For VPC configuration and larger examples, refer to the example main.tf in the Lambda Promtail repository.

Explore logs

After you have connected your AWS Application Load Balancer logs to Grafana Cloud using Lambda Promtail, you can start exploring.

To explore your logs in Grafana Cloud:

  1. On the Application Load Balancer Logs page in Grafana Cloud Provider, click Go to Explore.

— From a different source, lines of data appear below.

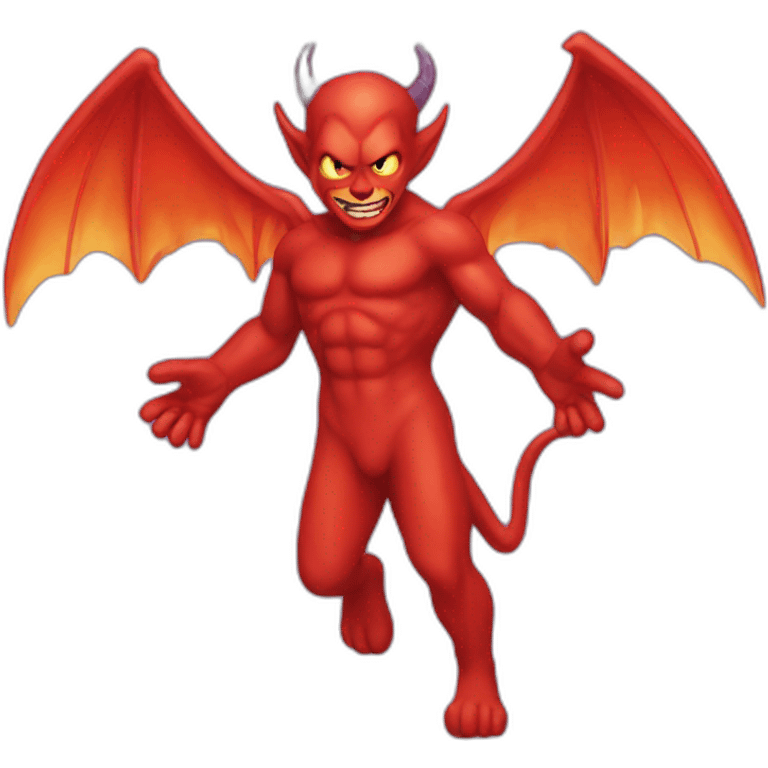 Diable sur ange emoji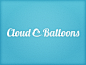 Cloudandballoon标志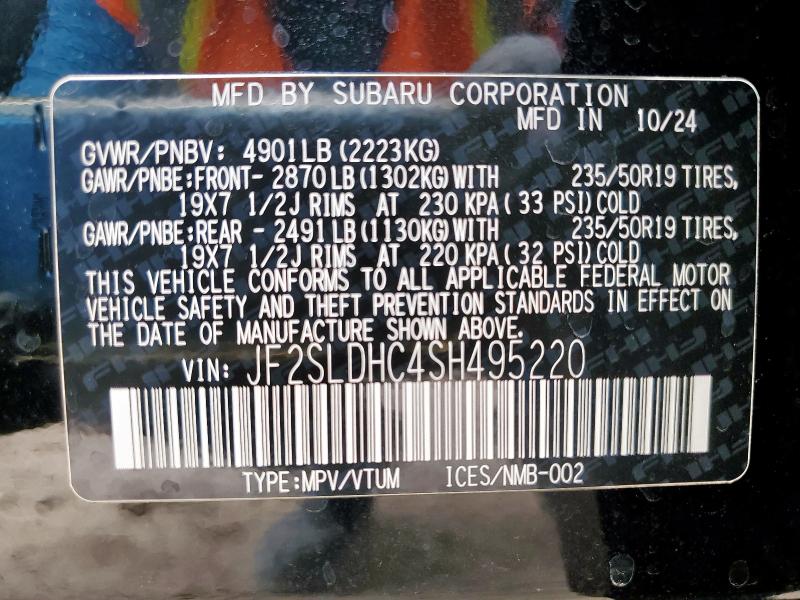2025 SUBARU FORESTER S JF2SLDHC4SH495220
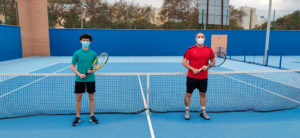 Alfonso Rodado y Ayoub Daymani han abierto en las pistas de la Marina la V Liga de Tenis by Bravoleum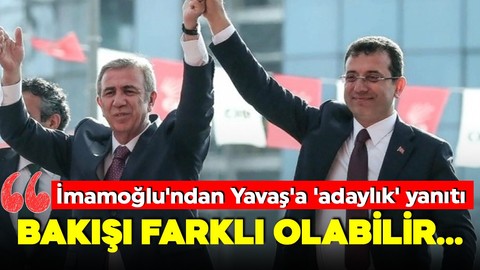 İmamoğlu'ndan Yavaş'a 'adaylık' yanıtı: "Bir başlangıcın arifesindeyiz"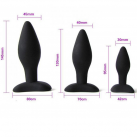 Анальная пробка. Черная. Водонепроницаемая. photo 1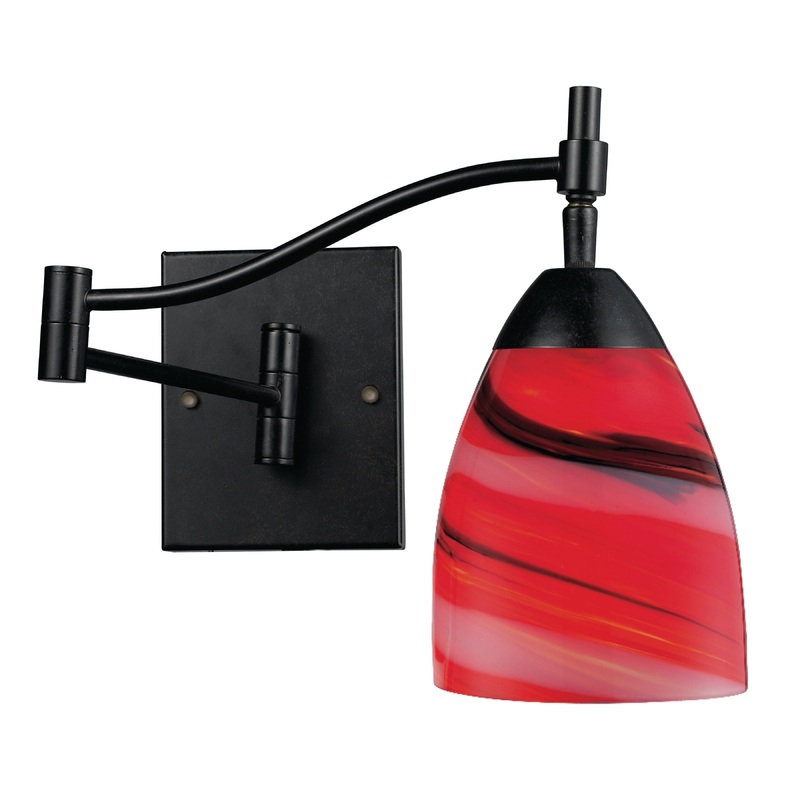 ELK SHOWROOM 10151/1DR-CY Celina 14'' High 1-Light Sconce - Dark Rust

  2. In Explore, use a LogQL selector such as:

    {__aws_log_type=~"s3_lb"}

Labels for this workflow

Load balancer access logs include the following labels: __aws_s3_log_lb and __aws_s3_log_lb_owner. Extra labels use the ExtraLabels CloudFormation parameter or the EXTRA_LABELS environment variable. For details, refer to Labels in Logs with Lambda.